Part of the problem is that service-level agreements (SLAs) vary widely across cloud providers, and sometimes different divisions within the same company offer the government very different SLAs, said John Messina, a Computer Scientist at NIST. “The customers really couldn’t compare the cloud services,” Messina said. “Even if the cloud services were identical, the underlying SLAs couldn’t be compared.”

Customers were frustrated, uncertain and less inclined to move to cloud services because they did not fully understand the risks.

“Agencies who have not done much in cloud computing, they don’t even know what questions to ask or what components should be in the contract, based on their particular business needs,” Messina said. He expects that cloud adoption will accelerate as agencies gain a better understanding of what services cloud providers will and will not offer.

What agencies need is guidance. And it’s coming in the form of a new international standard that 29 countries are developing. Messina is part of the U.S. group working on the standard. The group’s name is a mouthful — ISO/IEC JTC 1/SC 38 — and includes representation from most of the major players in the cloud space.

The standard will include multiple parts. The first part, which will provide an overview for using common vocabulary and terminology in SLAs, will be completed in early 2016. Two other sections are slated for completion around the fall of 2016, and they will help agencies identify the major metrics and requirements that are used in SLAs. But the sections are not prescriptive.

Although the draft standard prompts agencies to address termination of service requirements and service reliability in their contracts, the standard won’t specify whether agencies should request 99.9999 percent availability of their cloud service vs. 99.99 percent. These specifics will vary based on individual agencies’ requirements, and remember, costs usually increase as the level of service does.

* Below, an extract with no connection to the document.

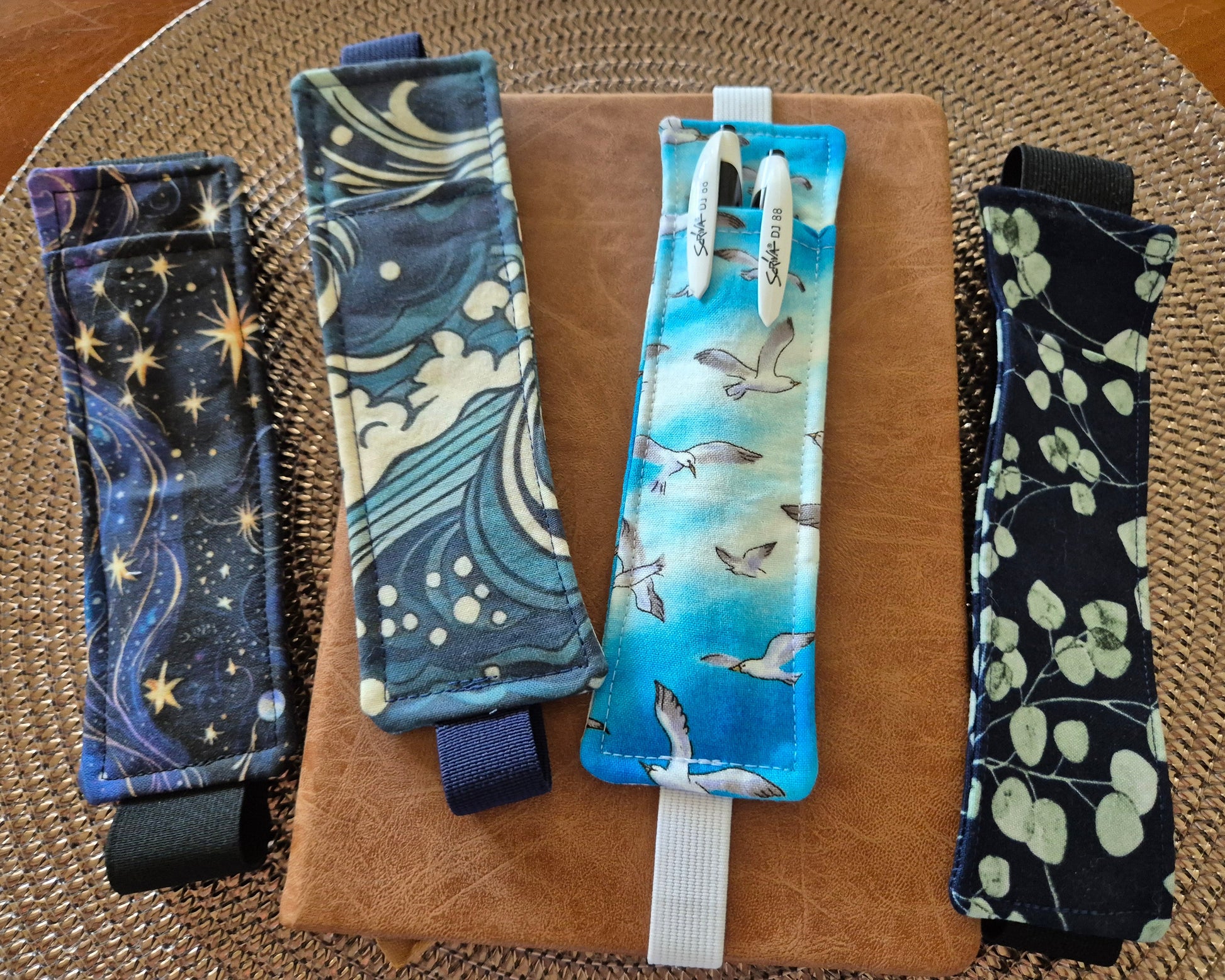 Stiftehalter Lesezeichen A5 Design, handgenäht, doppelseitig, tolles Geschenk für Lehrer, Studenten und Journaling Fans vegan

What the standard will give customers and agencies is a checklist of the major concepts that could appear within their SLAs, Messina said. “At the very least, each customer and provider should then go through this list of components and have a frank discussion on whether it makes sense for any specific contract.”

The United States, China, Australia and the United Kingdom are among the 29 countries collaborating to develop an international SLA standard. Eight more observing countries are interested in the end result. (You can view a map of the participating countries here)

If you can’t wait until 2016 to see what’s included in the SLA standard, we have a sneak peek for you. The standard is currently in draft form, but here is some terminology that is likely to appear in the final version. These key terms are common in cloud SLAs, and they deal with business agreements:

Covered Services Component identifies the cloud services the SLA covers. Roles and Responsibilities: A description of the roles and responsibilities for the stakeholders (typically cloud provider and customer).

Availability is the property of being accessible and usable on demand. (This is where the provider would make a promise of amount or percentage of time in a given period that the cloud service is accessible or usable.)

Protection of Personally Identifiable Information is where the provider would make assurances relating to the protections of personally identifiable information. Several examples include the time periods for erasing temporary files, the length of time data logs are kept and the time period notification for data breaches.

Termination of Service deals with the orderly exit process when the use of the cloud service is terminated. (Elements would include notification of service termination, acceptable methods of returning assets and the length of time the vendor retains data at the end of service.)

Service Reliability is the overall process by which reliability is considered typically consists of three parts: service resilience, customer data backup/restore and disaster recovery. (Elements include specific allowable number of service failures in a given time period, time it takes for services to recover, backup methods, period of time between backups, number of backup generations stored, etc.)